▶ **YOUR TASK**:
None of the pictures should appear; the lines from the line containing "US $1 silver" through the last line of the listing must be repeated exactly.

▶ **PROVIDED MATERIAL**:

• • • • • • •

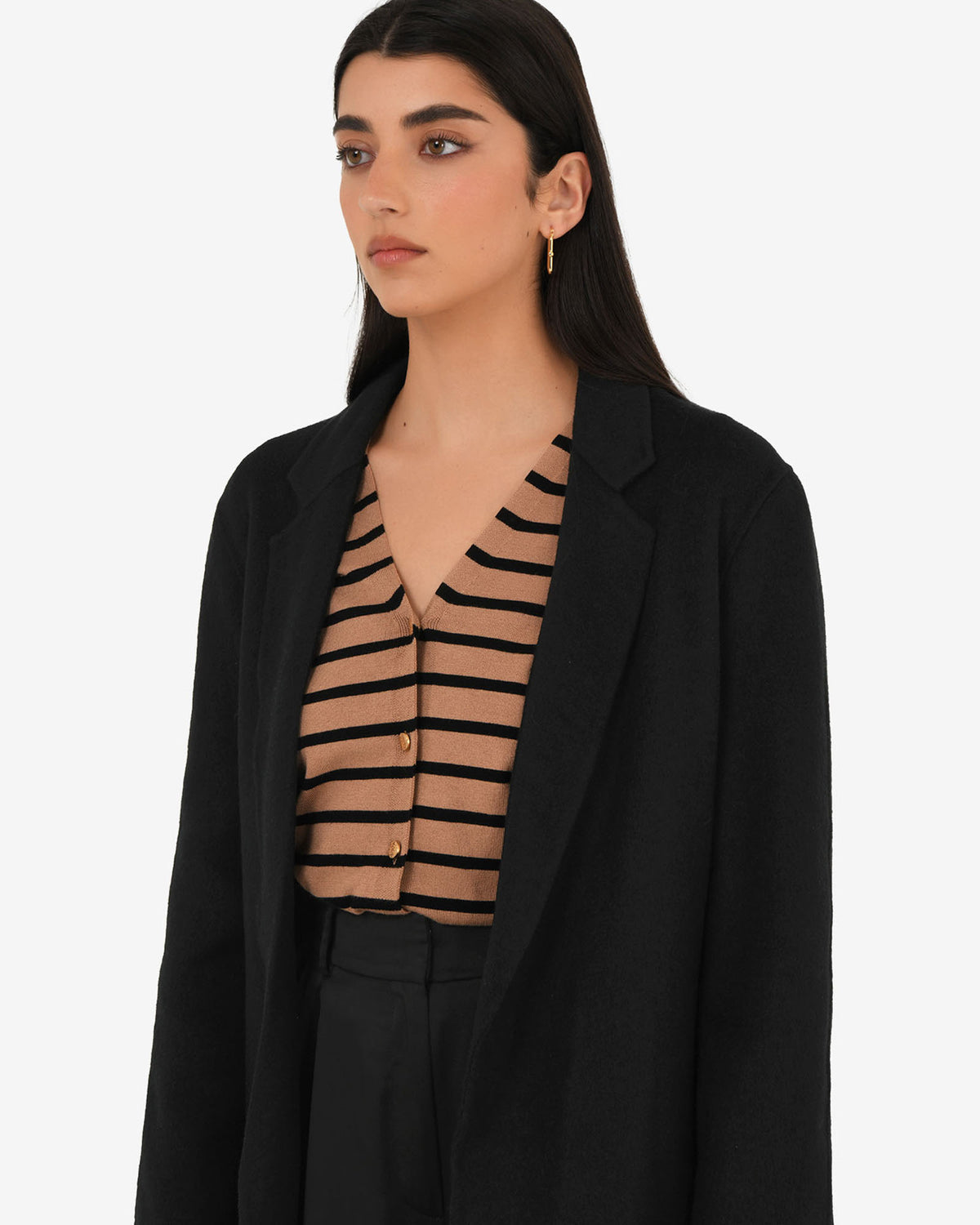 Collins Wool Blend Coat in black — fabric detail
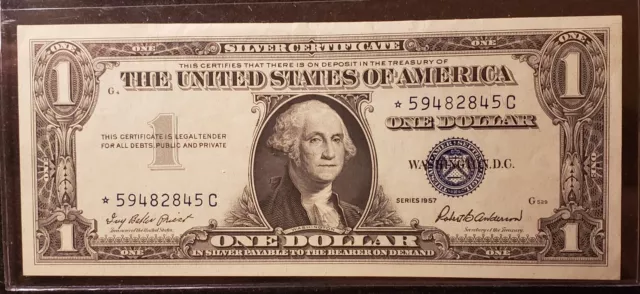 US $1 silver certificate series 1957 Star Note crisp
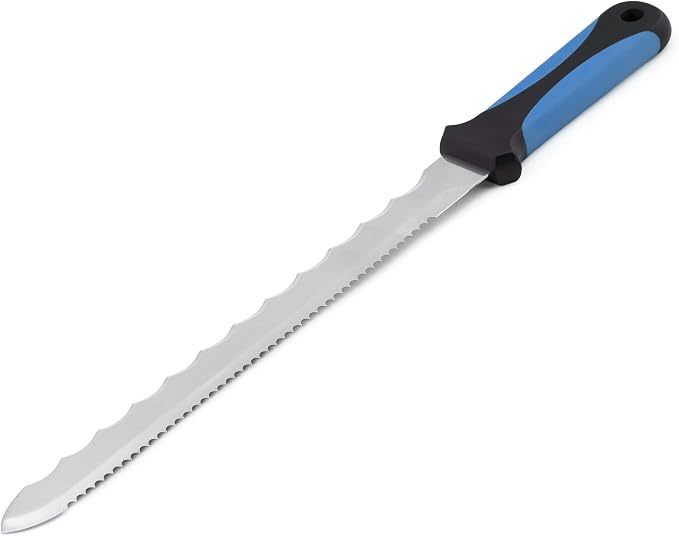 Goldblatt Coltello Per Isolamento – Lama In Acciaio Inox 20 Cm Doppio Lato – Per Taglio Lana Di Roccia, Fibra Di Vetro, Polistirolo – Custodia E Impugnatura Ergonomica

• • • • • • •

▶ **WRITTEN RESPONSE**:
 US $1 silver certificate series 1957 Star Note crisp
 Goldblatt Coltello Per Isolamento – Lama In Acciaio Inox 20 Cm Doppio Lato – Per Taglio Lana Di Roccia, Fibra Di Vetro, Polistirolo – Custodia E Impugnatura Ergonomica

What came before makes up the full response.